Foto: Edilene Coffaci de Lima, 1998

Katukina Pano

  • Outros nomes
  • Onde estão Quantos são

    AC594 (Funasa, 2010)
  • Família linguística
    Pano

Nomes pessoais


Os Katukina usam dois tipos de nome: em sua própria língua e em português. A atribuição de um nome do segundo tipo não segue nenhum padrão preestabelecido e qualquer pessoa pode sugerir um nome em português para uma criança recém-nascida, que será bem recebido principalmente se for inédito na aldeia. Ao primeiro nome acrescentam, respectivamente, os sobrenomes da mãe e do pai.

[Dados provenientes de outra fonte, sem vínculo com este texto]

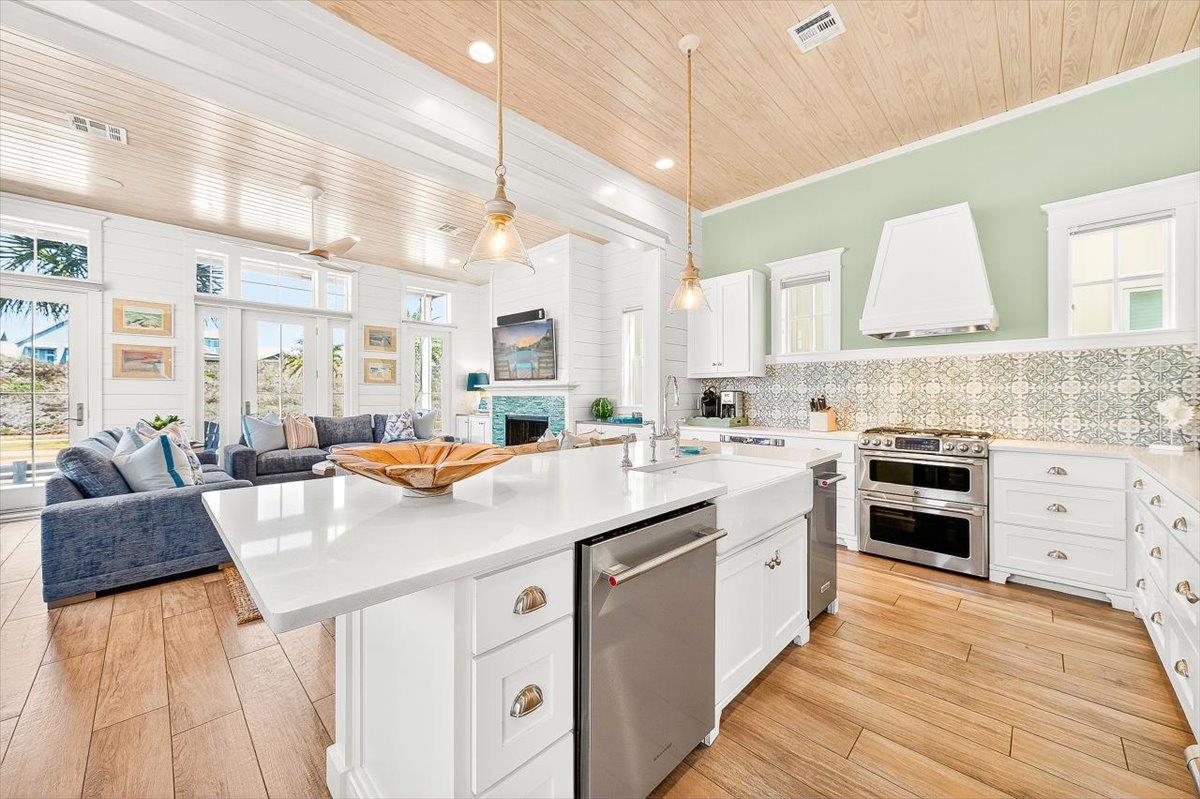 1st Floor, Kitchen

Se na escolha dos nomes em português um dos principais critérios é o ineditismo, ocorre o contrário quando se trata dos nomes em katukina: os nomes se repetem, uma vez que provêm todos de um acervo comum que os katukina se esforçam em preservar. Em termos práticos, isso quer dizer que os pais escolhem para seus filhos os nomes de seus próprios parentes.

Os pais são quem nomeia seus filhos, do sexo masculino e feminino, algumas vezes consultando antes pessoas mais velhas. A atribuição de um nome pessoal é algo simples e nenhuma cerimônia ou ritual é realizado: uma vez escolhido, basta os pais começarem a usá-lo. O nome recebido na infância é definitivo.

A prática onomástica katukina é bastante variada e só não é permitido atribuir o próprio nome ao filho ou o nome de um filho morto. Dentre as alternativas existentes, a mais comum é os pais atribuírem a seus filhos o nome de seus próprios pais, isto é, se é uma menina os pais escolhem o nome da avó materna ou paterna, se é um menino escolhem o nome do avô paterno ou materno. A transmissão dos nomes através de gerações alternadas explicita o vínculo afetivo entre avós paternos e netos, que é bastante forte entre os katukina. Um outra alternativa, menos praticada, são os nomes dos tios maternos e paternos da criança. Deve-se observar, entretanto, que, nesse caso, os tios ou tias, sejam eles quais forem, já devem ter morrido e a escolha do nome é uma forma de colocá-lo novamente em circulação, permitindo assim que se preserve o acervo de nomes pessoais. Nesse caso, a reposição do nome assume um certo sentido de "homenagem", de demonstração de afeição ou estima pela pessoa que portava anteriormente o nome.

Embora os nomes sejam todos indeterminadamente repostos, não há qualquer idéia de reencarnação ou de que uma pessoa deva substituir a outra. A identidade entre homônimos encerra-se com o nome.